On an annual basis, the asset’s decision-based surveillance plan is reviewed, challenged, and updated as required. The execution of this plan, together with incorporation of the field’s reservoir-performance data, translates to a significant amount of diverse information acquired on a daily basis. A combination of highly visual tools and innovative processes is used in a cross-disciplinary work environment to facilitate effective management and analysis of this data.

Data Collection and Transmission

This section provides three examples of current methods used to acquire and transmit data related to A Field’s reservoir integrity, thermal response, and production metrics.

Microseismic. Microseismic wells are being used in other thermal-development projects to monitor for fracturing and fault reactivation. Typically, an array of geophones is cemented into a dedicated wellbore with a data-transmission cable to surface. A microseismic event created by induced fracturing, for example, is detected by the geophones across one or more monitoring wells. Signal processing allows the location, magnitude, and character of the events to be derived. To assess the feasibility of replicating this approach in A Field, additional modeling was carried out, varying the number and placement of the monitoring wells. This showed that the main development areas of A West and A East fields could be covered with six microseismic wells, with three in each field. Furthermore, modeling indicated favorable detection thresholds and event accuracy with this six-well scenario.

The cost-effective wells were drilled in the last quarter of 2016, with the geophone arrays attached to inspected 2⅞‑in. tubing. The 10-geophone array mainly was positioned across 8½-in. open hole, but, because of depth constraints, the upper geophones were positioned behind 9⅝-in. casing. Coupling of the geophones to the host rock formation is critical to achieving good data quality. As part of the process of assuring well integrity, a cement-bond log was run across the cemented 9⅝-in. casing. The same log was also used to optimize the geophone positions with reference to the areas of the casing with the highest-quality cement bond.

The wells were set up with solar-­powered wireless data transmission from the wellhead to a data-storage bank at a field-control center. From there, the data were transferred to the team’s geophysical contractor in Canada for signal processing. Daily reports were transmitted back to key operator staff for review, and automated alarms were triggered when signal characteristics exceeded predefined operating envelopes. Like the daily reports, these were communicated by autogenerated emails. The acquisition system can be accessed at any time to check network integrity and data-streaming capability. This system has now been operational since the first quarter of 2017, with excellent system uptime achieved to date.

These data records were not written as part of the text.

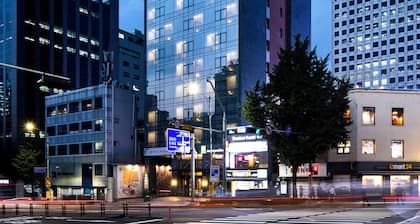 ibis Styles Ambassador Seoul Myeongdong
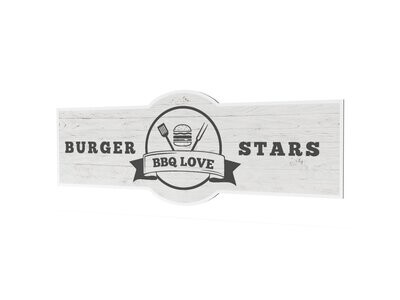 Burger Stars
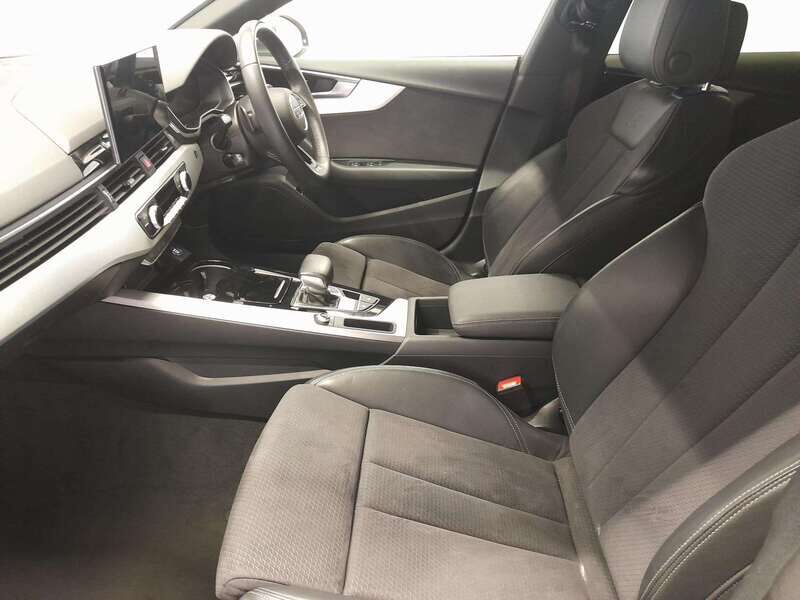 Used Audi A5 2022 for sale - 77814469: Photo 15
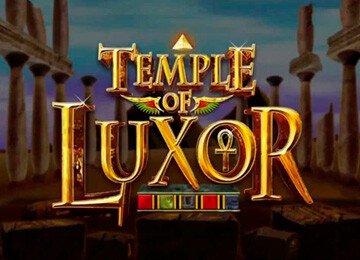 Temple Of Luxor
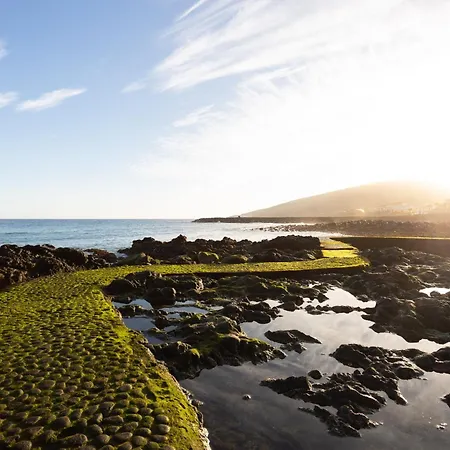 Διαμέρισμα Home2book Quiet Terrace *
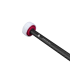 Sela SEGOM6M Gong Mallet Fine Touch M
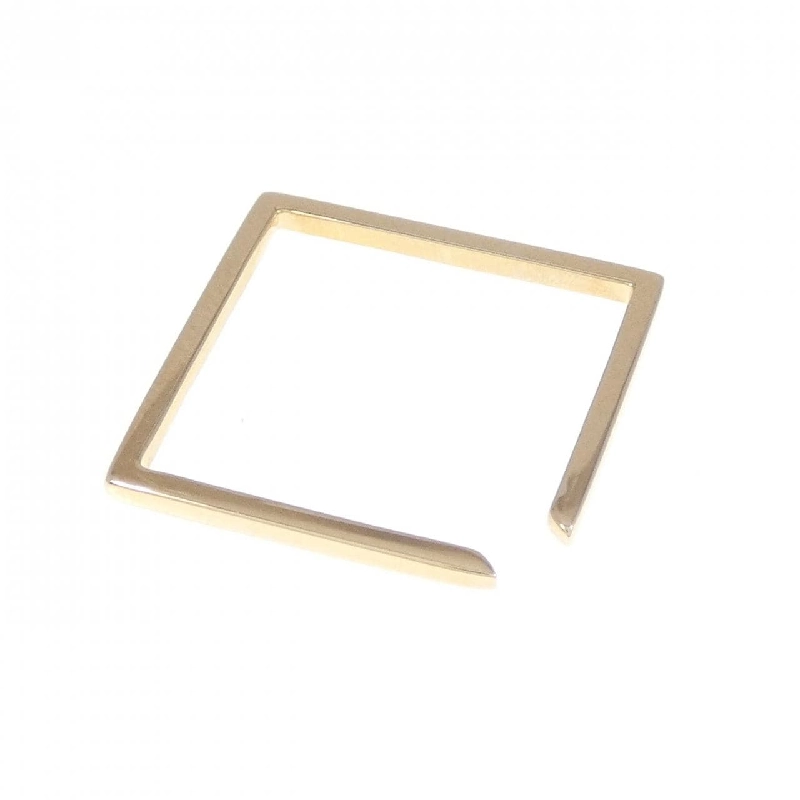 Nhẫn K10YG ココシュニック - Hàng hiệu Authentic 839201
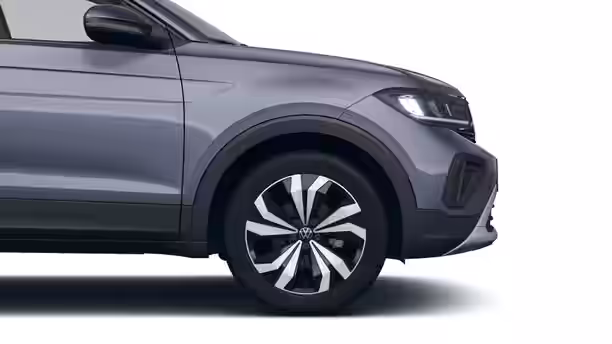 VOLKSWAGEN T-CROSS 7 / 9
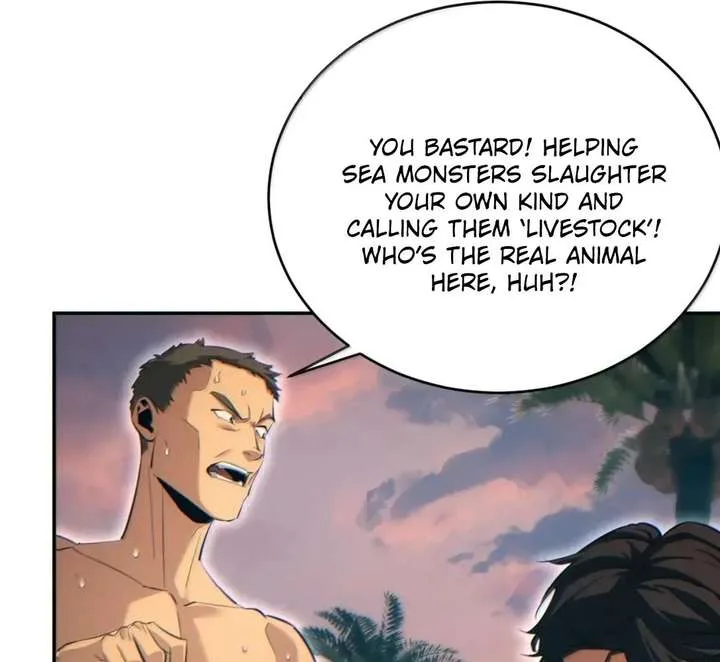Rebirth in the end times: I reached the top by opening boxes Chapter 92 page 96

Downhole Fiber Optics. Since the early stages of the thermal-development process, fiber-optic cable (FOC) has been operational in several observation wells in A Field between the injectors and producers. These encompass both distributed temperature sensing (DTS) and distributed acoustic sensing (DAS) functionality. At A Field, the FOC is attached to the tubing string and is terminated at a surface junction box.

DTS. DTS allows monitoring of the overall thermal response at the observation well, in addition to obtaining a detailed vertical temperature profile. The presence of reservoir barriers to heat flow is highlighted as well as whether the reservoir is heating evenly. On the basis of the response, the injection or offtake strategy can be modified accordingly. Data is transmitted to the DTS database through the operator’s network.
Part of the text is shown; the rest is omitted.